Loughlin, one of several speakers on a panel exploring the future of magazines that was moderated by Peter Kreisky of The Kreisky Media Consultancy, reported that Hearst sold 1.6 million net paid subscriptions on the Web last year, generating $20 million to $30 million in revenue. These were not "cannibalized" from existing customers, he stressed: Between 80% and 90% of the new subs came from consumers who had no previous history of transactions with Hearst. Loughlin added that he'd seen similar patterns while working at other major publishing companies.
Hearst uses every opportunity to drive traffic to its sites, and promotes buying issues at retail on all of its magazine sites. The Web is particularly powerful for generating new retail and subscription customers because it exposes new prospects to magazine content in a format that avoids the interference of "brand bias," Loughlin said. Young people often perceive an established magazine as being "their father's or mother's magazine," he explained. But when they experience the title's content in the nontraditional format of the Web and like that content, "all of a sudden, it's not my father's brand anymore."
Web aside, Loughlin stressed that consolidation of publishers, retailers and industry suppliers is "painful" and will inevitably continue-but that its upsides are that it will force all parties to strive for constructive change and it's also likely to make change more feasible.
"There are fewer companies, and we may be reaching a point where there are sufficiently few of us to get something done," he said. "We've been talking about moving from a push to a pull system for 20 years. Consolidation may drive us all more quickly to a demand-driven world."
Changes that must be made, he said, include continuing to improve newsstand efficiencies, optimizing magazine mixes at retail, "rationalizing" the number of titles at retail based on consumer demand, eliminating redundancies in field force, back office and data collection and distribution functions, and going to pass-through RDA.
Other panelists' viewpoints on what's ahead for magazines:
* Jamie Carey, VP, newsstand for Barnes & Noble, Inc.-noting that B&N is enjoying the best financial status in its history, in no small part because of the 5,000+ magazines it carries-expressed the hope that publishers will continue to invest in their print platforms, and not lose focus to digital formats.

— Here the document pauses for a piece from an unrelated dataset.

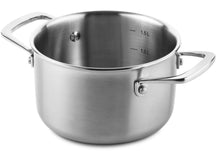 DUCQ Cooking pan - Downdraft - stainless steel - ø 16 cm / 1.5 liters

Carey noted the potential for selling magazine subscriptions at retail. "Subscriptions account for 85% of [circulation], and we could help [publishers] sell them," he said. "It would be great if, five years from now, we were a big subscription source." He added that there is also considerable potential in bookazines and other innovations. "A lot more could be done," he summed up.
* Glen Clark, president of The News Group in North America and executive VP of The Jim Pattison Group, called for "sweeping changes" to simplify and modernize the system, including eliminating all unnecessary costs, partnering to further reduce waste, facilitating industry-wide adoption of SBT, and maximizing sales while optimizing efficiencies. Clark also called for a single discount rate and making RDA a discount off invoice.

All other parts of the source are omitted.